This is the mail archive of the
gcc@gcc.gnu.org
mailing list for the GCC project.
Re: profiling wierdness
- To: egcs at cygnus dot com, steffend at helicon dot physics dot colostate dot edu
- Subject: Re: profiling wierdness
- From: mrs at wrs dot com (Mike Stump)
- Date: Fri, 25 Sep 1998 11:26:37 -0700
> Date: Wed, 23 Sep 1998 15:54:24 -0600
> From: Dave Steffen <steffend@helicon.physics.colostate.edu>
This is benchmarking 101 stuff... Not appropriate for egcs,
and I probably shouldn't respond...
> I've got some numerical code I'm trying (desperately) to speed
> up. I'm compiling with
> c++ -ansi -pg ....
> and (right now) am using no optimization, so I can tell what
> improvements I'm getting because of improving the algorithm.
Benchmarking and trying to speed up -O0 programs I don't think is as
useful or meaningful as speeding up -O3 programs. I'd recompile.
> So I run my program:
> helicon: kubo -XYHxyh -e ".1" -O "-5 5 .1" -P .66
> And I profile:
> helicon: gprof kubo | c++filt > kubo.prof
> And I get
> % cumulative self self total
> time seconds seconds calls us/call us/call name
> 56.86 0.29 0.29 19000000 0.02 0.02 double
> dot_product<Sparse_
> vector_STLvec<double>, double>(Sparse_vector_STLvec<double> const &, double
> cons
> t *)
> 15.69 0.37 0.08 19001940 0.00 0.00 vector<ai<int, double>,
You cannot meaningfully time routines this way when they run for too
little time. It appears this is too little to measure. Try numbers
for 100 seconds of run, then 50, then 25, then 8, then 4, 2, 1... The
point where your numbers start to diverge and become unpredictable is
the point that you can't measure past with this method.

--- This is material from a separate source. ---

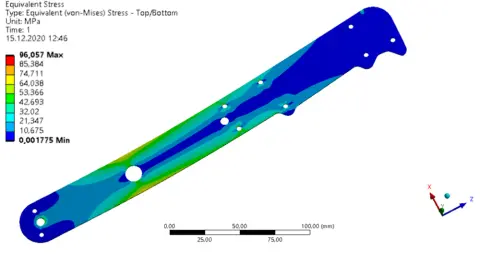 SVS FEM simulace Ansys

If you can't make your program consume more time, it isn't meaningful
to speed up the program. :-)
> And in case you're wondering, 'time'ing the run gives results
> like "0.11user 47.19system 0:47.30elapsed 99%CPU", and these numbers
> are very consistent. Also, the code executes correctly and generates
> identical output for all the above runs.
That means that measuring the time it takes that way _is_ valid and it
is long enough.
> SO: I'm very confused. Does anyone know what's going on? Is
> there any way for me to get reasonably accurate profiling
> information?
You can either learn to lengthen runs or learn to use different
techniques. Personally, I like to use tick counters on the chips to
measure runtimes, from within the software. If you do this, then
you'll find that you can tell the difference between running 3 machine
instructions or 4, no other method will do that, unless you put them
in a loop and do it more than once. I believe that your chip have
tock counters you can use for this type of timing, you just have to
learn how to use them.